Deb Loughead, a Toronto author, poet and workshop leader, has been writing since she learned how to read. In fact, she’s saved everything she’s ever written, including her very first composition entitled “A Narrow Escape for a Mouse” which she often reads during her classroom visits!
She completed her B.A. in English at the University of Toronto in 1977, then worked as a copy editor until she decided to stay home to raise her three sons and squeeze in some creative writing on the side. From 1980 – 1995 she was an associate editor for Etobicoke’s Spires magazine, writing short stories, poetry and articles for the children’s pages. She has also written and directed children’s plays which were produced by the drama club at Etobicoke elementary schools, as well as one in Sudbury, and coached children in drama workshops as far away as Goose Bay in Labrador.
Deb has conducted writing workshops and held readings for children and adults at schools, festivals and conferences across the country, such as the Montreal Young Author’s Conference, the Labrador Creative Arts Festival, Sudbury’s Rainbow Schools Authors’ Week, Eastern Townships Language Arts Festival in Lennoxville, Quebec, and the Eden Mills Writers’ Festival. She has also taught creative writing classes for adults in Toronto. Her award-winning poetry and adult fiction have appeared in a variety of Canadian publications. Deb’s children’s poetry book, All I Need and Other Poems for Kids, is popular with teachers for classroom curriculum use.

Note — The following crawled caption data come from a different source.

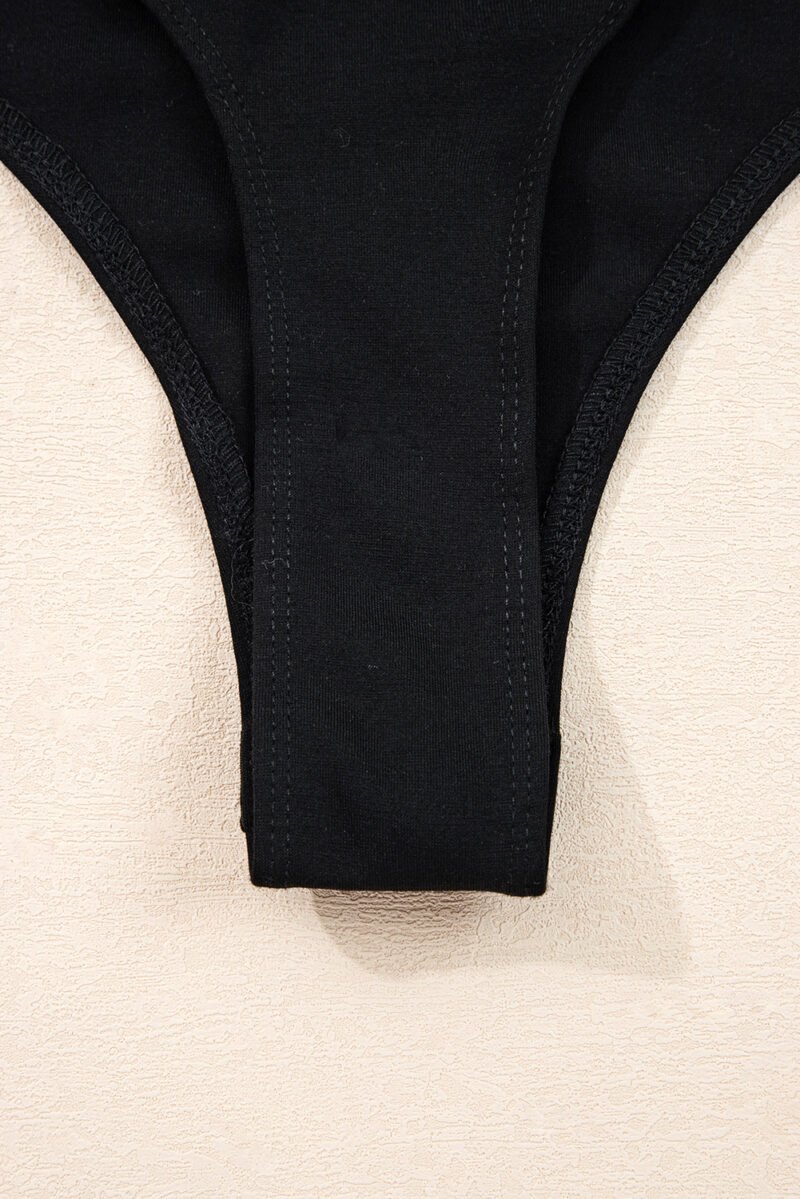 The Lariat Bodysuit - Image 11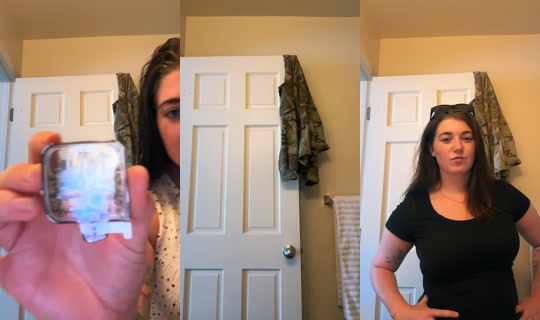 joliejennyy's Live Session — Jul 30, 2026, 1:45 PM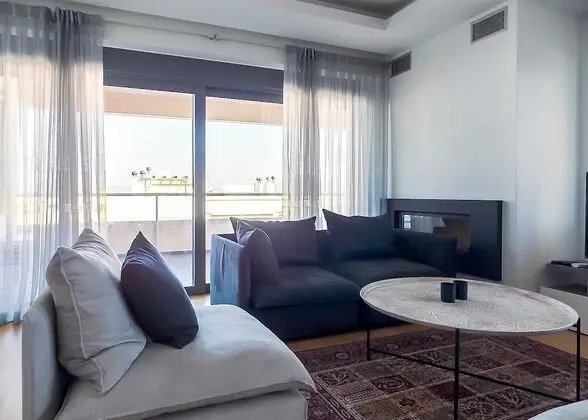 Panoramic Apart Daire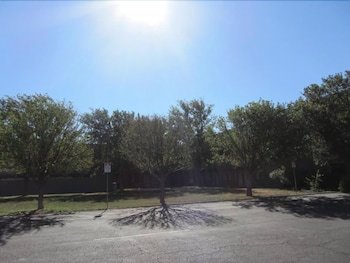 Motel Travelodge Amarillo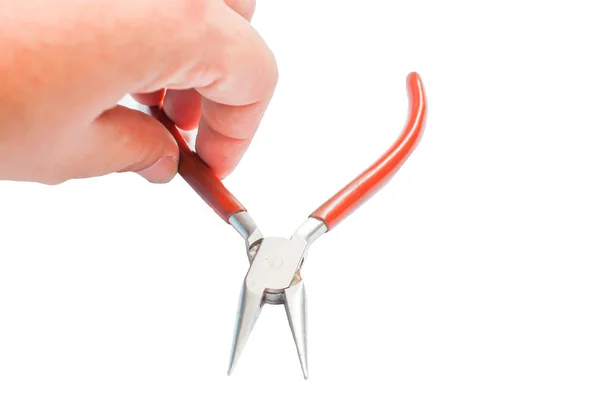 Pliers — Stock Photo, Image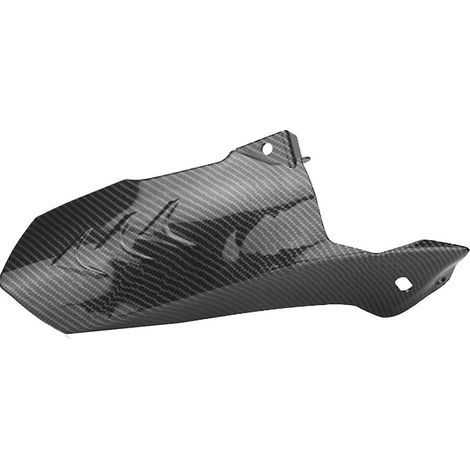 Garde-boue arrière pour moto CLICK 125/150 - Accessoires moto A (1/4)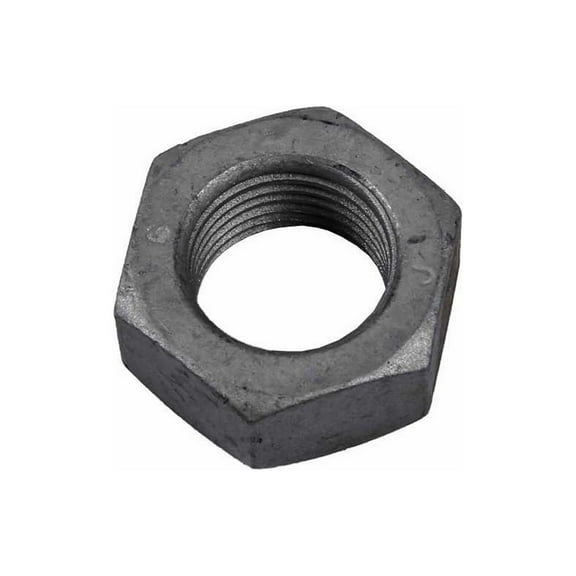 GM 11611641 Steering Tie Rod Nut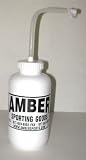Amber Sports Pro Style Water Bottle (Set of 2)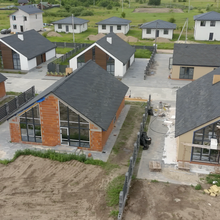 Хід будівництва КМ Ovillas, 0, червень 2026
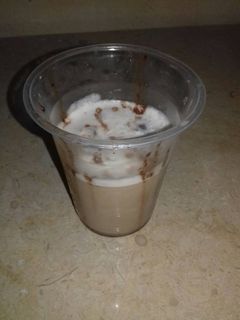 صورة لوصفة 🍻🍺موكا بارد🍺🍻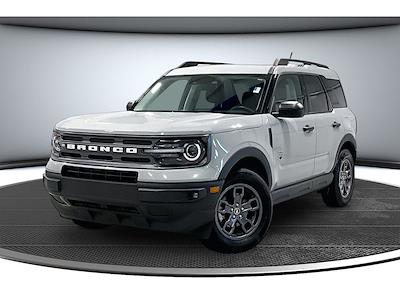 Used 2023 Ford Bronco Sport - photo 1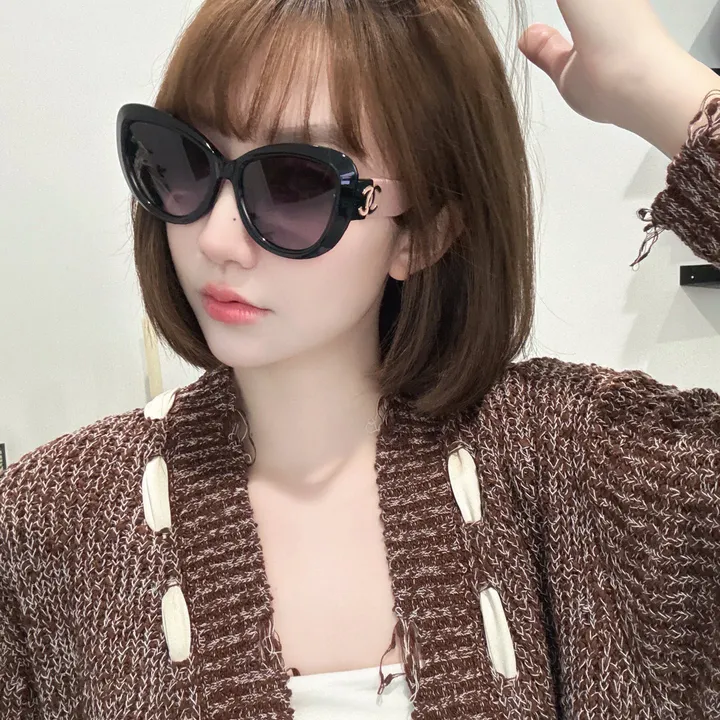 スーパーコピー シャネル サングラス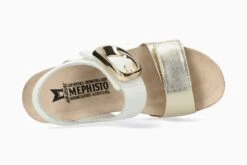Mephisto Leandre - Gold(Leandre Gold) -Mephisto LEANDRE 5146894 4
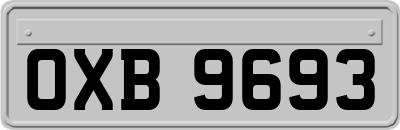 OXB9693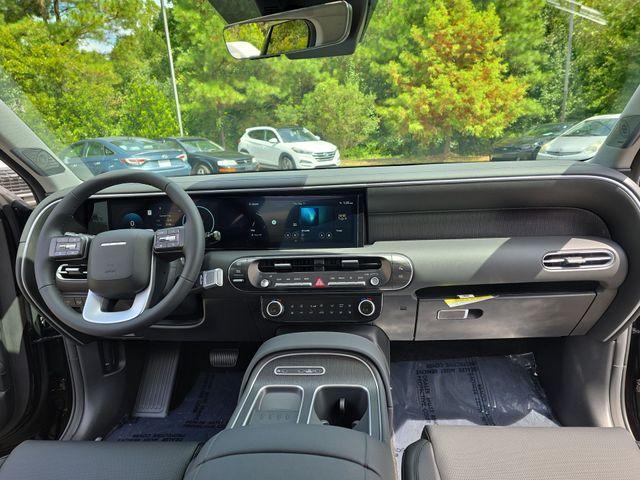 new 2026 Hyundai Palisade car, priced at $50,645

She has written extensively for the educational market, and her rhyming stories and plays, as well as a series of middle grade novels, are used in classrooms across the country.
Deb’s advice to budding writers is: “Save everything you ever write. You never know when you’ll need it!”
Currently she is the Past President of CANSCAIP, The Canadian Society for Children’s Authors, Illustrators and Performers, as well as a member of the League of Canadian Poets, the Writers’ Union of Canada, and the Canadian Children’s Book Centre. Deb Loughead is represented by Marie Campbell at Transatlantic Literary Agency.
*****
“I want my animals. I want my animals. I want my animals.” I sat at the kitchen table, repeating the phrase. Staring straight ahead, swinging my legs under the chair, kicking the chrome table leg every now and then, clinking the buckle of my patent leather shoe against the gleaming metal, repeating those words over and over. My mother was working at the counter, and she was ignoring me. Well, not completely. In her mind, she was counting. She wanted to see how many times I’d repeat “I want my animals” before giving up. But I was tenacious. I didn’t give up easily, and she blinked first. She finally had to retrieve that little bag of plastic animals from the cupboard after I’d said it 53 times, so that I’d stop.
A stubborn streak, she told me. That’s what I had. And she repeated that “I want my animals” story often when she wanted to remind me about it, when I was getting on her nerves, being stubborn again. Almost like she might change me by stressing how annoying it was. But I didn’t change. I’m an Aries. Of course I have a stubborn streak. Of course I’m tenacious. That’s why I’m still writing after all these years. Every so often these little snapshots of my life pop into my head, as if I’m trying to account for something, to explain how I’ve gotten here, where I come from, why I’m me.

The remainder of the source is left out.